The Catholic Church’s ban on priests blessing same-sex unions only showed how LGBT+ Catholics are increasingly loved and accepted by their communities.

Robert Shine is the associate director of New Ways Ministry

If the Vatican’s hope in issuing a ban on blessing same-sex couples was to quash the conversation on this topic, then church leaders very much misjudged how Catholics would respond.

Waking to the news on Monday morning, I noticed first the pain being expressed in group chats and on social media. While LGBT+ Catholics may be accustomed to negative messages from church leaders about our identities and our relationships, they sting nonetheless each time. My Twitter feed was filled with LGBT+ Catholics expressing their dismay at once again being told our love is disordered and sinful.

But even as we shared our pain, I noticed, too, something ultimately more powerful happening: these same spaces were lit up with messages of affirmation, from LGBT+ Catholics to one another and from allies in faith and in the LGBT+ community.

The truth is that, even though the Vatican says stop talking, Catholics will not. We know better than to condemn love when we see it.

More than not condemning, we are celebrating LGBT+ relationships. In a decade of pastoral ministry, and as a bisexual Catholic, I have witnessed just how deeply LGBT+ people’s relationships are signs of God’s abiding love. My organization New Ways Ministry has documented both the ways local parishes affirm this truth and the church leaders who speak positively, even if imperfectly, about such love.

Some priests bless same-sex couples. In 2019, Fr. Michael Kopp celebrated a “liturgy of thanksgiving” for a lesbian couple entering a civil marriage, an event positively acknowledged by the priest’s diocese in Austria.

Many other priests do so quietly, but with no less validity. And at least half a dozen bishops in Germany support the church offering such blessings to same-sex couples, which is perhaps why the Vatican intervened now.

In the absence of priests, other faithful Catholics step in to assure such couples that even if the institution has failed them, the wider church recognizes queer love as holy. We affirm that LGBT+ people exhibit the same commitment and self-giving in relationships as their heterosexual counterparts.

It seems church leaders have yet to learn a simple lesson: you cannot just order the faithful to stop conversing about a disputed topic.

This approach did not work with birth control in the 1960s, nor with the discussion over women priests in the 1990s, and it will not work now.
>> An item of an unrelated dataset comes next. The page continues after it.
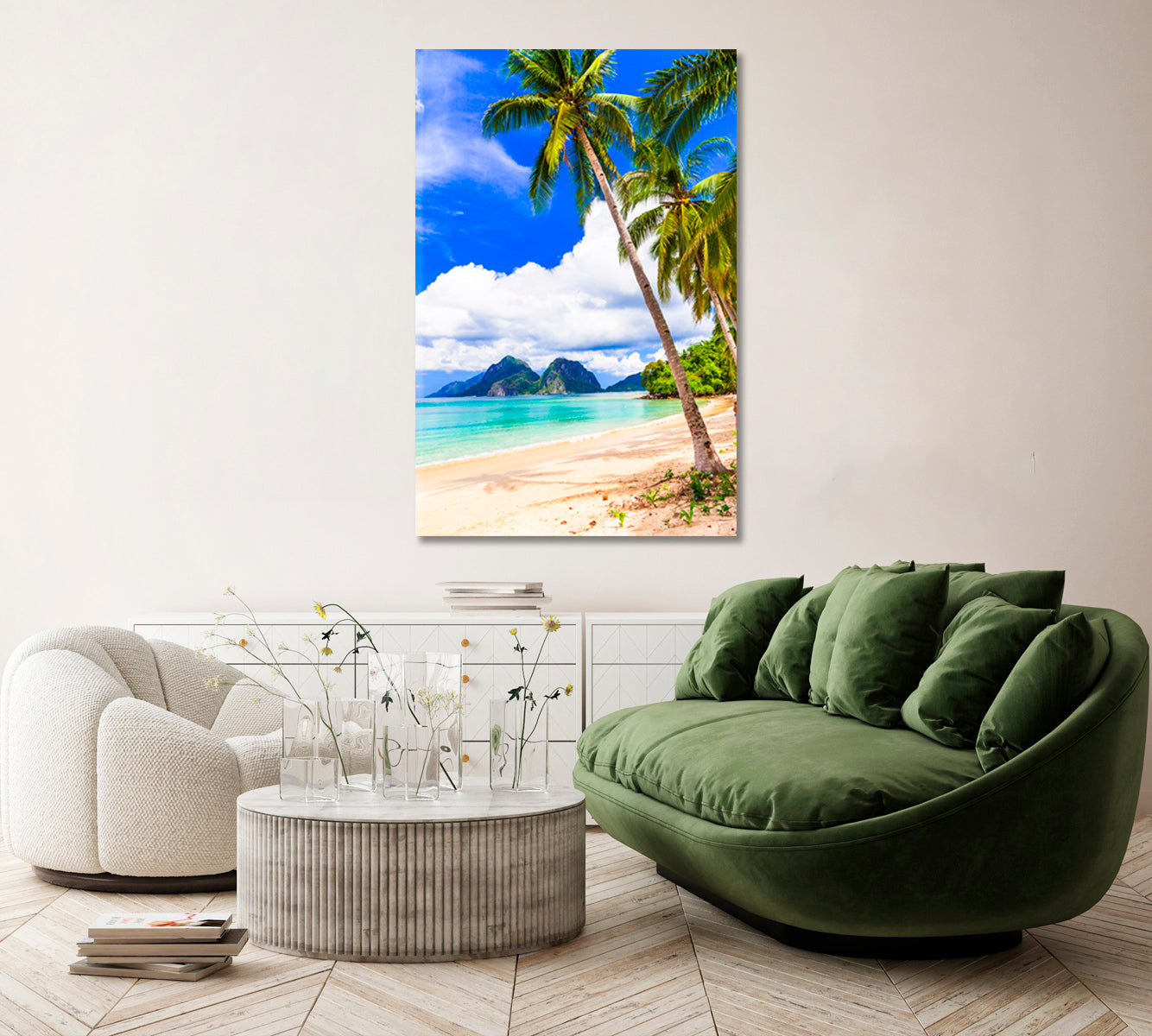 Tropical Beach with Coconut Palm Trees Philippines Canvas Print ArtLexy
Therefore, the Vatican’s statement this past Monday is a setback, not a conclusion.

It is telling that affirmation of LGBT+ people, not condemnation, marked so many Catholics’ reactions on Monday. Yes, we need to repair wounds inflicted by this latest statement. But instead of dwelling on its misguided logic, let us look towards Easter.

In a few weeks, Christians will celebrate once again the triumph of love over the world’s ills, a triumph proven by the empty tomb.

Let us live as people who believe Jesus Christ is risen and that love prevails. Let us keep conversing, keep finding new ways to proclaim God’s presence in our world, and keep moving forward to equality.

And, as we do so, let us bless all forms of love, for as the gay Franciscan Fr. Mychal Judge said, “Is there so much love in the world that we can afford to discriminate against any kind of love?”